----- EXERCISE INPUTS -----
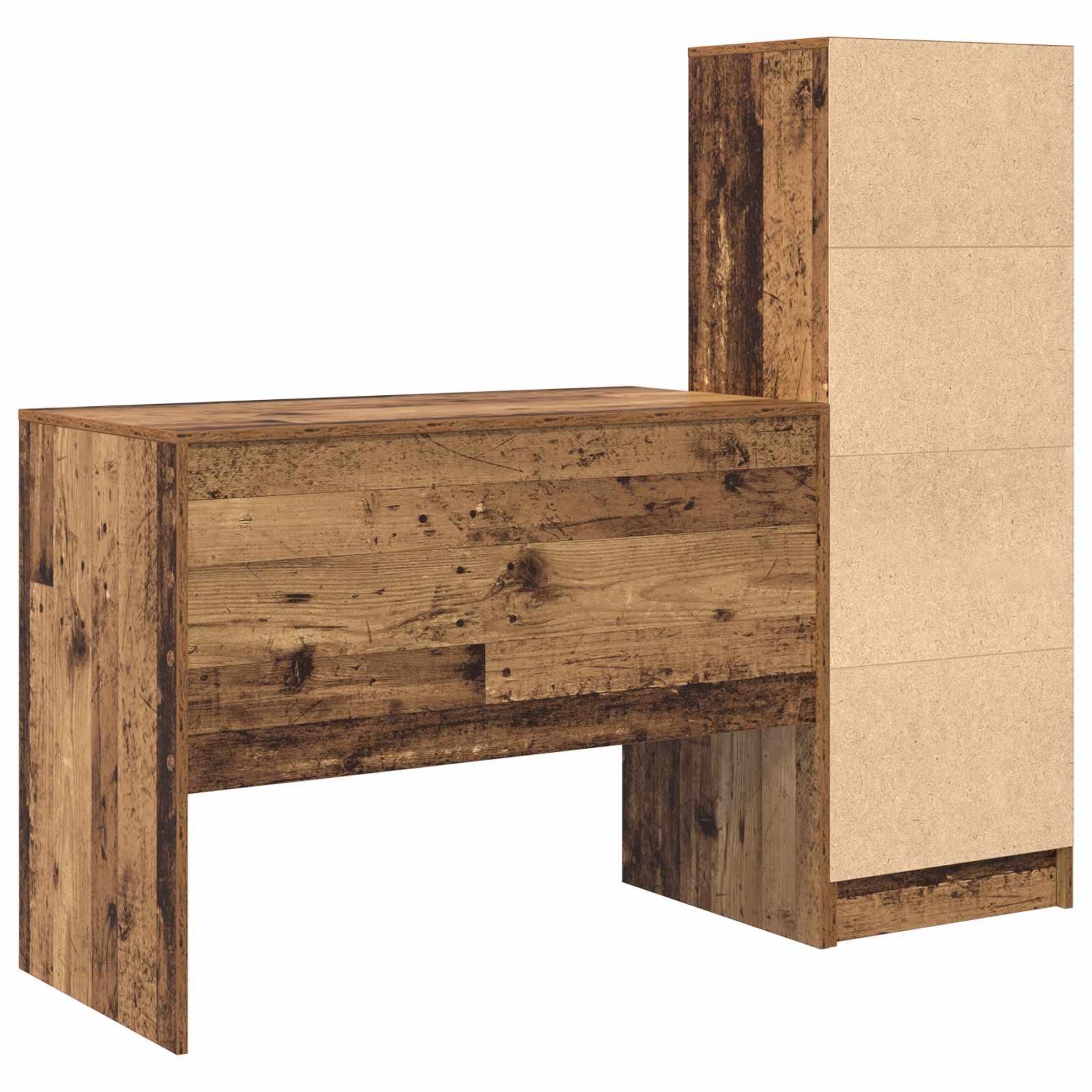 Schreibtisch mit Schubladen 2 pcs Altholz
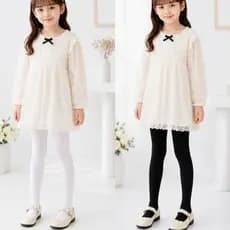 1 pçs de Meia Calça Lisas  PRETO E BRANCO COLORIDOS Infantil Bebê Juvenil - Meia para o Inverno 2 a 14 anos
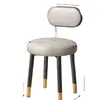 Silla de Maquillaje Modelo Nuevo 2025, Silla para el Hogar, Silla de Gama Alta para Dormitorio con Respaldo, Taburete Especial para Tocador, para Uso en Dormitorio de Niñas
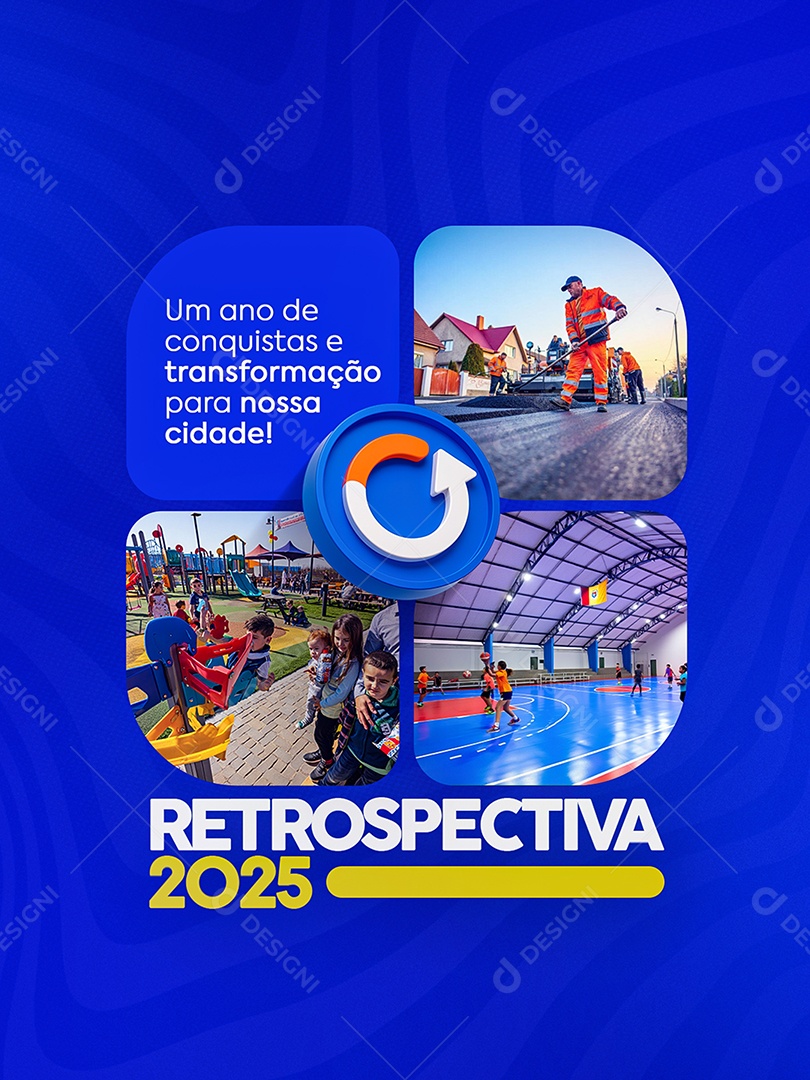 Retrospectiva 2025 Prefeitura Social Media PSD Editável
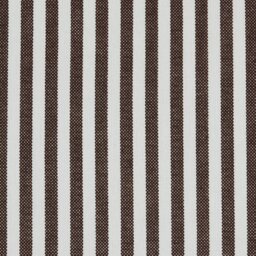 Habitat Oxford Stripe Cocoa Fitted Sheet - Superking - thumbnail 2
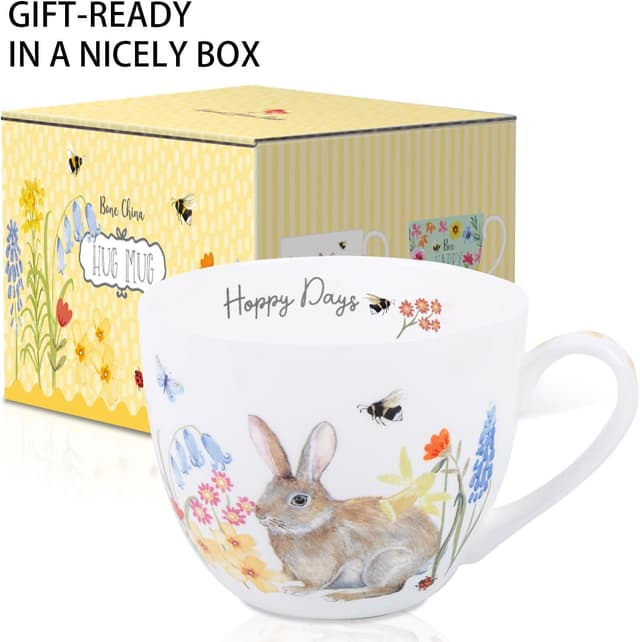Detalle de Rabbit Hug Mug 20 oz Coffee Mug
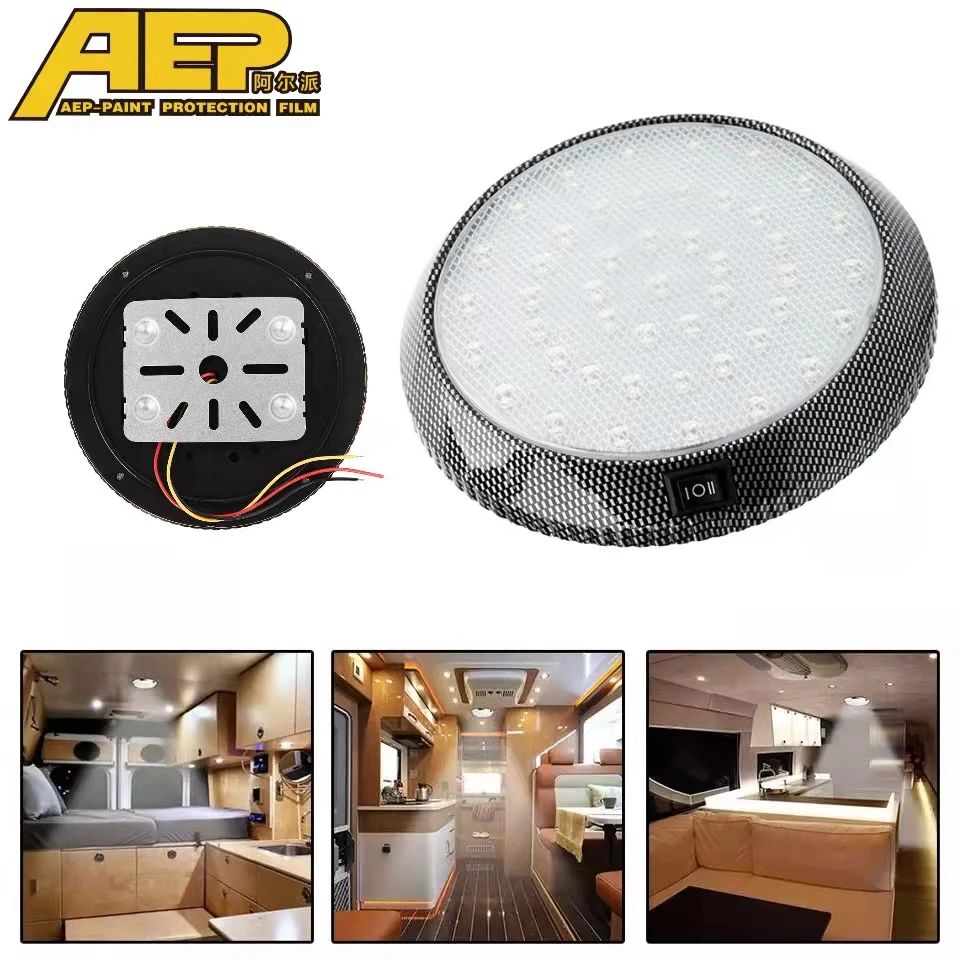 

Hot sale 12V Car White Reading Lamps Car Vehicle 46-LED Interior Indoor Roof Ceiling Dome Light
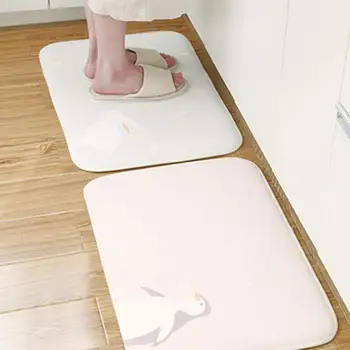 

Household Door Mats Non-slip Absorbent Bathroom Mat Super Soft Living Room Door Mats Practical Entrance Floor Mat Rugs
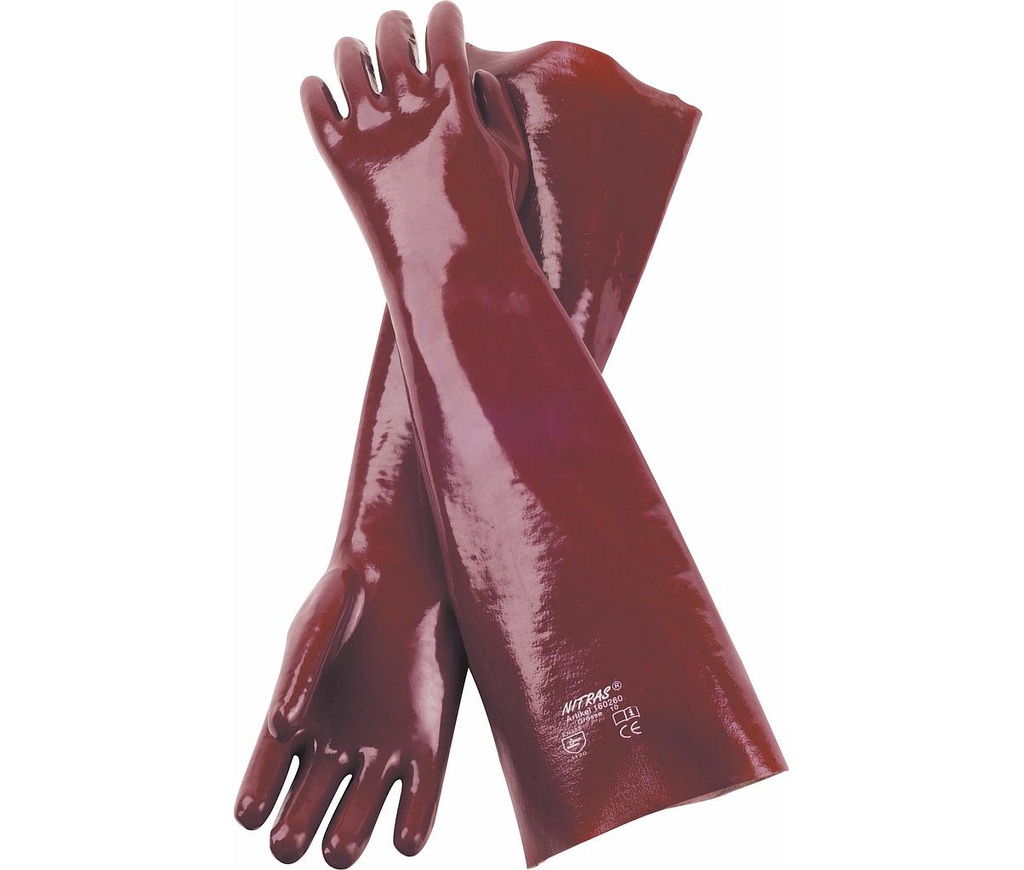 Handschoen nitras 160245 PVC 45cm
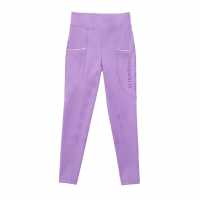 Requisite Full Grip Equestrian Tights Juniors Сиренево Детски клинове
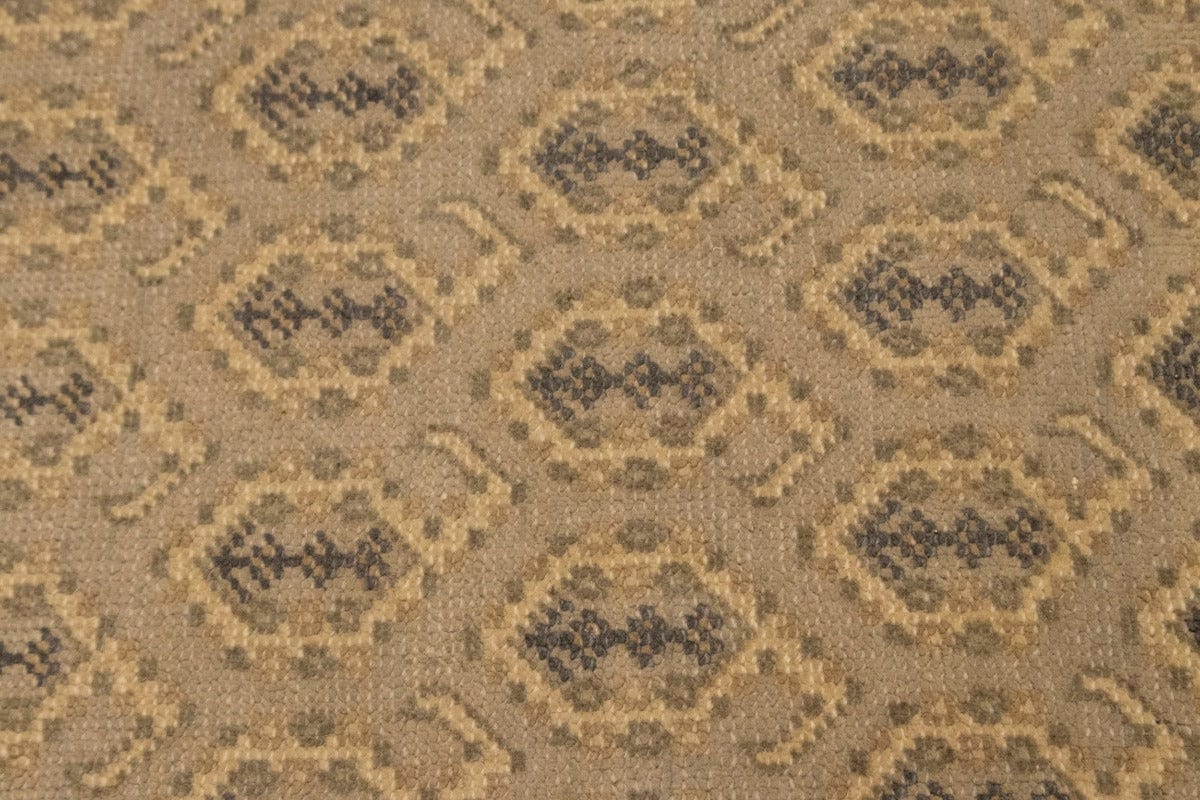 Muted Beige Floral 2X3 Chobi Oushak Oriental Rug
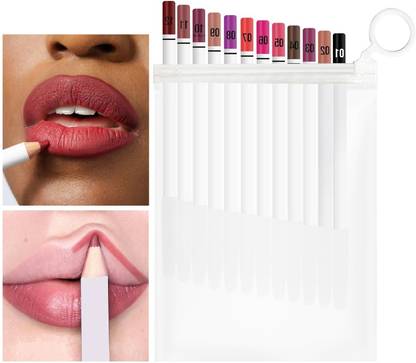 MYEONG Matte Liner | One Swipe Smooth Application | Long Lasting Lip Liner Pencil Set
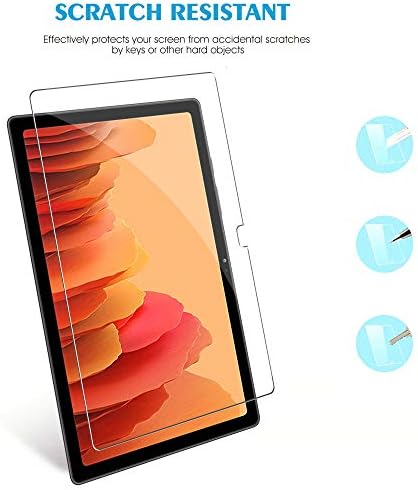 Gozopo zaštitnik ekrana za Samsung Galaxy Tab A7 2022/2020 Tablet 10,4 inča, Premium 2.5 D okrugli rub kaljenog stakla Film za Samsung Galaxy Tab A7 10.4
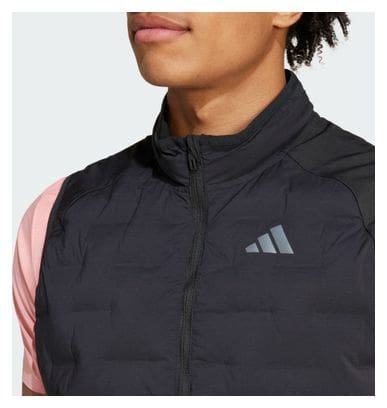 Ärmellose Thermojacke Adidas Adizero Vest Schwarz Herren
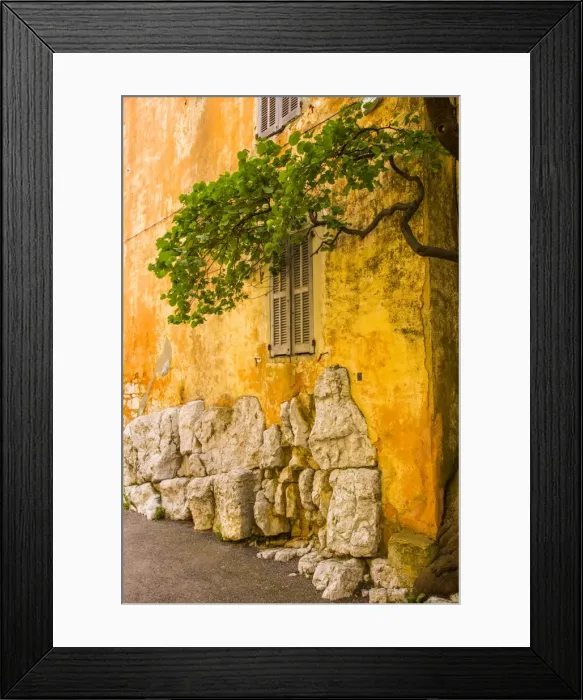 Framed Print : Gourdon, Alpes-Maritimes, Provence-Alpes-Cote D Azur, French Riviera, France Framed Print : Gourdon, Alpes-Maritimes, Provence-Alpes-Cote D Azur, French Riviera, France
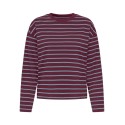 ONLY Happy langærmet stribet t-shirt - Fig DUSTY BLUE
-----
* **PROBLEM STATEMENT**
Please transcribe each line above exactly, but leave the images out.

* **SOLUTION TO THIS PROBLEM**
 Schreibtisch mit Schubladen 2 pcs Altholz
 1 pçs de Meia Calça Lisas  PRETO E BRANCO COLORIDOS Infantil Bebê Juvenil - Meia para o Inverno 2 a 14 anos
 Silla de Maquillaje Modelo Nuevo 2025, Silla para el Hogar, Silla de Gama Alta para Dormitorio con Respaldo, Taburete Especial para Tocador, para Uso en Dormitorio de Niñas
 Retrospectiva 2025 Prefeitura Social Media PSD Editável
 Habitat Oxford Stripe Cocoa Fitted Sheet - Superking - thumbnail 2
Detalle de Rabbit Hug Mug 20 oz Coffee Mug

Hot sale 12V Car White Reading Lamps Car Vehicle 46-LED Interior Indoor Roof Ceiling Dome Light

Household Door Mats Non-slip Absorbent Bathroom Mat Super Soft Living Room Door Mats Practical Entrance Floor Mat Rugs
 Handschoen nitras 160245 PVC 45cm
 Requisite Full Grip Equestrian Tights Juniors Сиренево Детски клинове
 Muted Beige Floral 2X3 Chobi Oushak Oriental Rug
 MYEONG Matte Liner | One Swipe Smooth Application | Long Lasting Lip Liner Pencil Set
 Gozopo zaštitnik ekrana za Samsung Galaxy Tab A7 2022/2020 Tablet 10,4 inča, Premium 2.5 D okrugli rub kaljenog stakla Film za Samsung Galaxy Tab A7 10.4
 Ärmellose Thermojacke Adidas Adizero Vest Schwarz Herren
 Framed Print : Gourdon, Alpes-Maritimes, Provence-Alpes-Cote D Azur, French Riviera, France Framed Print : Gourdon, Alpes-Maritimes, Provence-Alpes-Cote D Azur, French Riviera, France
 ONLY Happy langærmet stribet t-shirt - Fig DUSTY BLUE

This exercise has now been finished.